### AVAILABLE DATA

= = = = =

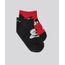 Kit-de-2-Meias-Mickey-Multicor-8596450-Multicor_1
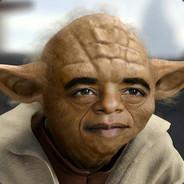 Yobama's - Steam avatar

= = = = =

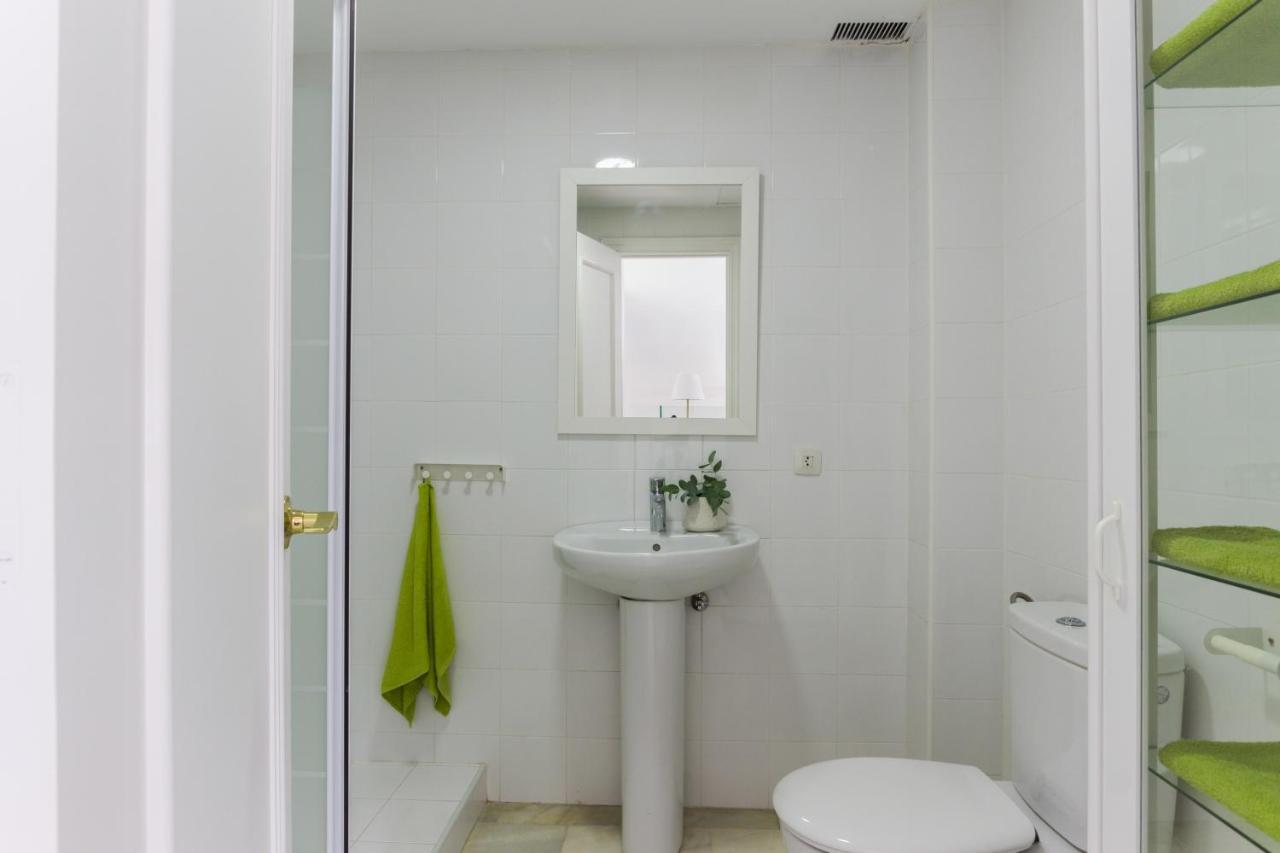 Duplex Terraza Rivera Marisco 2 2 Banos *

= = = = =

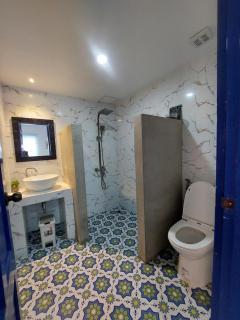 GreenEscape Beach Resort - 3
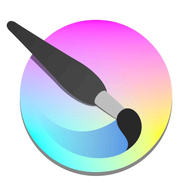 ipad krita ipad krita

= = = = =

### ASSIGNED TASK
From the records above, transcribe only the stretch from the line with "Kit-de-2-Meias-Mickey-Multicor-8596450-Multicor_1" through the line with "Yobama's - Steam avatar", keeping both ends. Omit pictures.

### OUTPUT
 Kit-de-2-Meias-Mickey-Multicor-8596450-Multicor_1
 Yobama's - Steam avatar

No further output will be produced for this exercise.